10. Rule 23(b)(2) can furnish a proper basis for certification of a Title VII back pay class: “we adopt instead
the standard that Rule 23(b)(2)’s drafters straightforwardly indicated: Rule 23(b)(2) certification is not appropriate where monetary relief is ‘predominant’ over injunctive relief or declaratory relief. To determine whether monetary relief predominates, a district court should consider, on a case-by-case basis, the objective ‘effect of the relief sought’ on the litigation.
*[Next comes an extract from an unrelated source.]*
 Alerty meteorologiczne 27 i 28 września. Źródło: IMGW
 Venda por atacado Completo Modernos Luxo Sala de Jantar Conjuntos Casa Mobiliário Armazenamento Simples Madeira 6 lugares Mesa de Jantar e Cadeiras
See Allison, 416 F.3d at 416. Factors such as whether the monetary relief sought determines the key procedures that will be used, whether it introduces new and significant legal and factual issues, whether it requires individualized hearings, and whether its size and nature-as measured by recovery per class member-raise particular due process and manageability concerns would all be relevant, though no single factor would be determinative. * * * * We find this reasoning persuasive and therefore join the consensus view that a request for back pay in a Title VII case is fully consistent with the certification of a Rule 23(b)(2) class action.”
11. Nevertheless, the district court abused its discretion when it certified a punitive-damage class under Rule 23(b)(2) without considering whether it was more appropriately handled unset Rule 23(b)(3): “Notwithstanding its decision to require notice and an opportunity for opt-out, the district court abused its discretion by certifying the punitive damages claims under Rule 23(b)(2) without first undertaking an analysis of whether certification of the claim for punitive damages (in addition to injunctive and declaratory relief as well as back pay) rendered the final relief ‘predominantly’ related to monetary damages. See Fed. R. Civ. P. 23(b)(2), advisory committee’s note to 1996 amends., 39 F.R.D. at 102. Although notice and an opportunity for Plaintiffs to opt-out of the punitive damages claims alleviated some of the concerns regarding cohesiveness and due process that substantial punitive damages claims potentially raise, requiring these procedures does not remove the district court’s obligation to determine whether each of the requirements of certification under either Rule 23(b)(2) or (b)(3) is met.”
12. Plaintiffs who were not Wal-Mart employees at the time the complaint was filed lack standing to bring a suit for injunctive and declaratory relief.
The majority, finally, put in a kind word for the many amicus writers on all sides of the issues: “[fn. 50] The court was favored with an extraordinary variety of amicus briefs that were both thoughtful and helpful to it in its deliberations.”